Mosielele versus Khama in Botswana’s Political Turmoil

Political turmoil in the history of Botswana was far more common in the colonial era than it has been under democratic rule. Two of the most prominent political turmoil was that of Chief Mosielele in Moshupa where he had defied the Residence Commissioner of the British Imperial government.

There was a dispute regarding the throne of Ga-Mmanaana and the colonial masters were defied when Mosielele refused to take their orders. The British overlords knew very well that the chief had overwhelming support from his subject people.

When a military option was put on the table for his arrest, the officers in charge of the operation warned of the great fatalities that would befall their troops in Moshupa. Then plan B was to bomb the village with bombers from a Mafikeng airfield before the assault by the troops. That was an insane decision to say the least.

Ultimately the mounted police arrested Mosielele with little resistance and was incarcerated with some of his subjects in Molepolole prison. It was also here in Moleopolole where Chief Sebele was tussling with the British masters and was ultimately sentenced to a prison term in Gantsi. Interesting enough, Bakwena subject people were never so much up in arms to defend their royal except for a few.

The other political turmoil which is well recorded in our history occurred in Serowe were Seretse Khama who was a royal like Mosielele was pitted against his own uncle Tshekedi Khama. Books have been written and movies made on this particular turmoil and there is still so much found in our archives about these events.

In fact Serowe has always been the epicentre of turmoil and most of these started over what one could consider as small issue. Earlier to the Seretse and Tshekedi feud of 1948, the British had sent in 200 sailors from Cape Town by train and their mission was to capture Tshekedi Khama if he resisted arrest but he yielded.

Tshekedi had whipped a white man going by the name of Phineas McIntosh for serious sexual misdemeanours. The British were so offended by this action even though McIntosh had given a disclaimer in that he chose to be treated like the tribal folks in the village.

This year we have seen a serious tussle between the descendent of Tshekedi Khama and the descendent of Mosielele’s subject people. No one would have thought that this would be the case in this day and age. The dispensation of democracy is by its nature a non-incentive for political conflict and therefore we never expected to find ourselves at this political junction.

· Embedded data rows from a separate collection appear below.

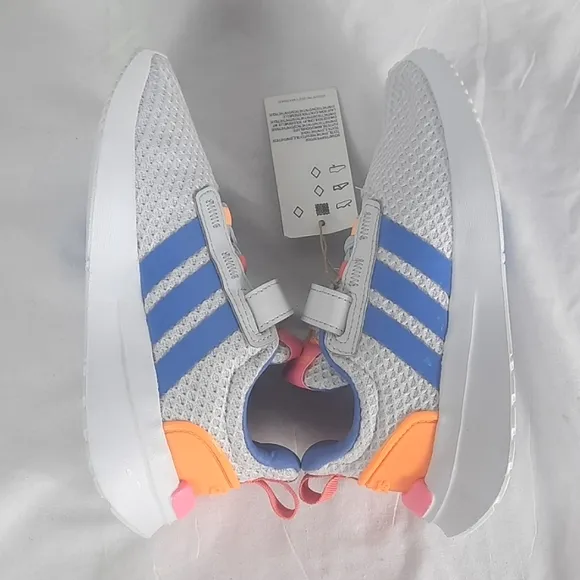 Adidas Cloudfoam Racer TR21 Little Kids Shoes Size 12.5  Grey Gray Blue Pink NEW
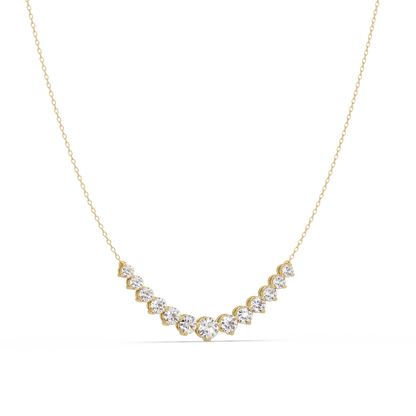 Round Cut Curved Bar Lab Grown Diamond White Gold Necklace - HIGHCARAT DIAMONDS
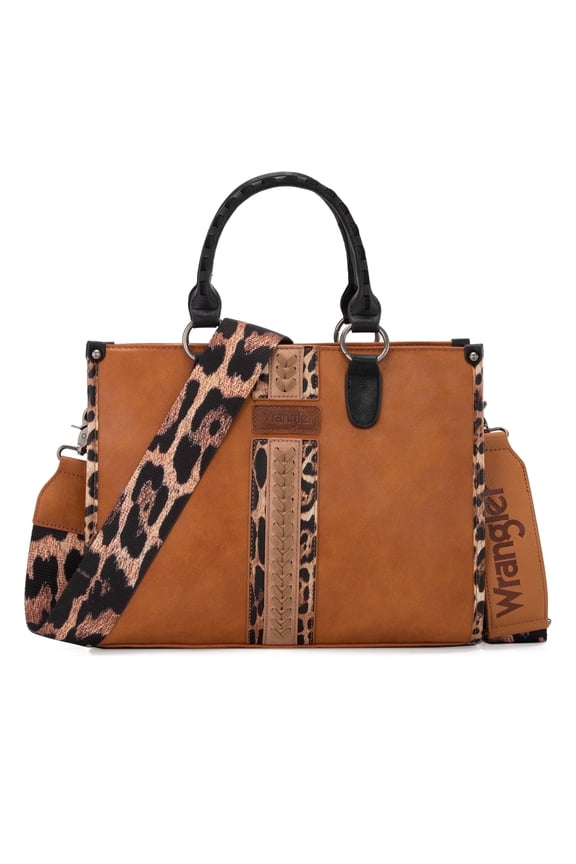 Wrangler HANDBAG Wrangler Tote Bag for Women Western Woven Shoulder Purse Leopard Print Handbags, Leopard-Brown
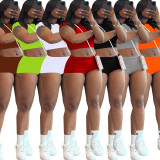 Solid Color Tight Crop Top Two Piece Shorts Set SFY-2778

The Masisi/Khama feud is really an embarrassment to our democracy. I am a man who is known to have thrown everything at Khama and right now I would like to distance myself from him and focus on those who have allowed themselves to be used to fan the flames of political turmoil. It is the blind followers that I have issues with. The people that are prepared or have allowed themselves to be used as cannon fodder in the battle between the two leaders are the ones to bear greater blame.

Khama has his own issues with the man he handed power to and that started happening a few months after the transaction was completed. Had Khama’s subjects stayed indifferent in this whole issue, we wouldn’t be where we are now. Khama has been moving phase by phase and at every level he has been receiving the wind he needed for a lift.

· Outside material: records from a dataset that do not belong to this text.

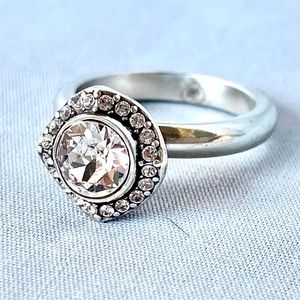 Flawless Brighton Size 6 Silver Crystal Halo Solitaire Ring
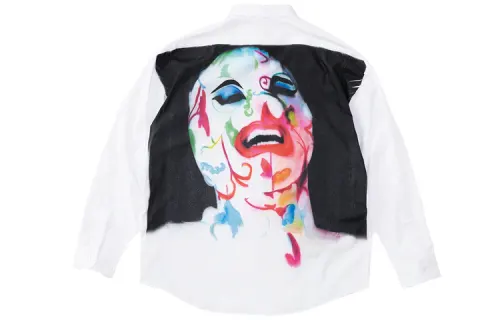 Supreme SS20 Week 17 Leigh Bowery Airbrushed Weird Artist Painted Spray Printed Long Sleeve American Trendy Shirt Uniform for Men and Women White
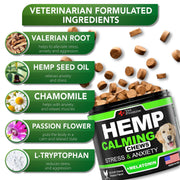 Hemp Calming Chews for Dogs 120 Count Anxiety & Stress Relief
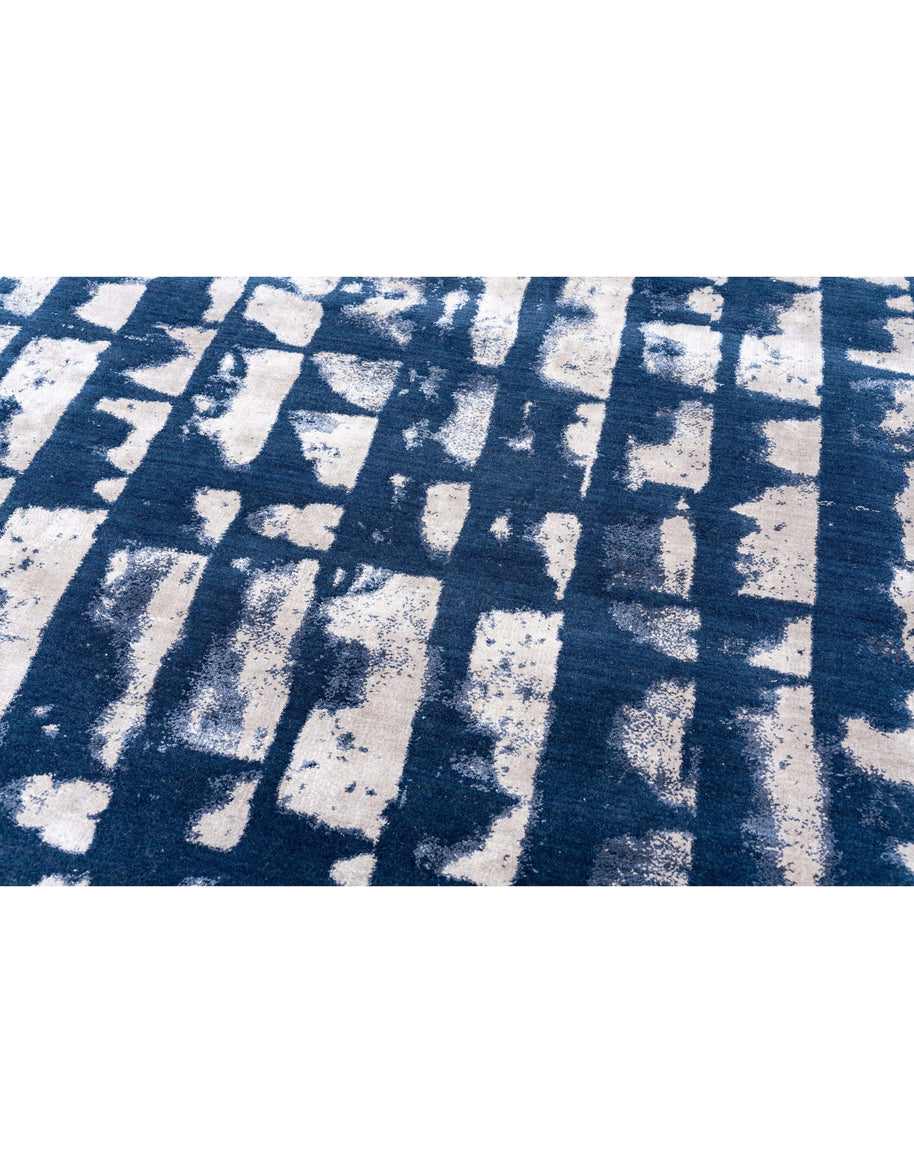 C A N A L I luxury handmade rug by Cherom, blue New Zealand wool, contemporary design.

This man warns that Botswana must be ready for a serious crash landing. In short he was agreeing with an article I published regarding Masisi’s inauguration which was titled; Boko overshot the runway in his landing. Now Ian the pilot is talking of crush landing. I have flown with Ian before and the one time I can vividly remember was when we came from Tete, Mozambique where we had gone to check on Botswana troops who were doing a UN Peacekeeping mission in that country.

I was used to flying the Britten Norman which is known as the Defender in Botswana’s military and being in the Spanish Casa 235 made a big difference. Khama told me in that journey as I had gone to join him in the cockpit; that he would never want to take part in any crush landing. I was very inquisitive and was asking a lot of “if” questions. He said nothing is guaranteed in life and part of the pilot’s training prepares them for the worst case situation such as crush landing.

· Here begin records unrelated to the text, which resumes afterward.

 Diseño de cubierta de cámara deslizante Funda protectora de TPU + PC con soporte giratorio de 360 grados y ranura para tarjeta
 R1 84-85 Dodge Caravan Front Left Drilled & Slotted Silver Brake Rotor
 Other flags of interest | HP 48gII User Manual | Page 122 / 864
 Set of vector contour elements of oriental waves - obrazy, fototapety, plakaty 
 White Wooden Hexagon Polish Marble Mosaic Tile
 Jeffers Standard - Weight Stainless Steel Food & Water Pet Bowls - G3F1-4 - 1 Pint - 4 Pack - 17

Very few crush landing stories have a happy ending. Around 1993 an Air Botswana aircraft was forced to do belly landing at Gaborone International Airport with one of the cabinet ministers on board. A belly landing is equally as bad as a crush landing but it is always better because it is done with all the fire engines on the ready.

I spoke to one of the old pilots at BDF who has a wealth of experience in flying. Though he is retired, his flying hours added up together will exceed the sleeping hours of some of the readers in their entire lives. Asking him about the consequences of crush a landing he said; “you only do this when you have no other option left and it is done because the aircraft is irrecoverable.” He says it usually happens with loss of life and commonly the aircraft can never see the light of day in as far as flying is concerned.

But is this what Khama wants to put our country through? Khama clearly understands the consequences of such actions in flying and he can in no way ascribe them to the land of his father’s birth. Interpreting Khama’s intentions from an aviation perspective, all that he wants to achieve is to obliterate our country by destroying its economy and the international reputation that we currently hold.No matter how wronged he may be in the political and legal context he was speaking from, we are not his subject to wish us such unthinkable things.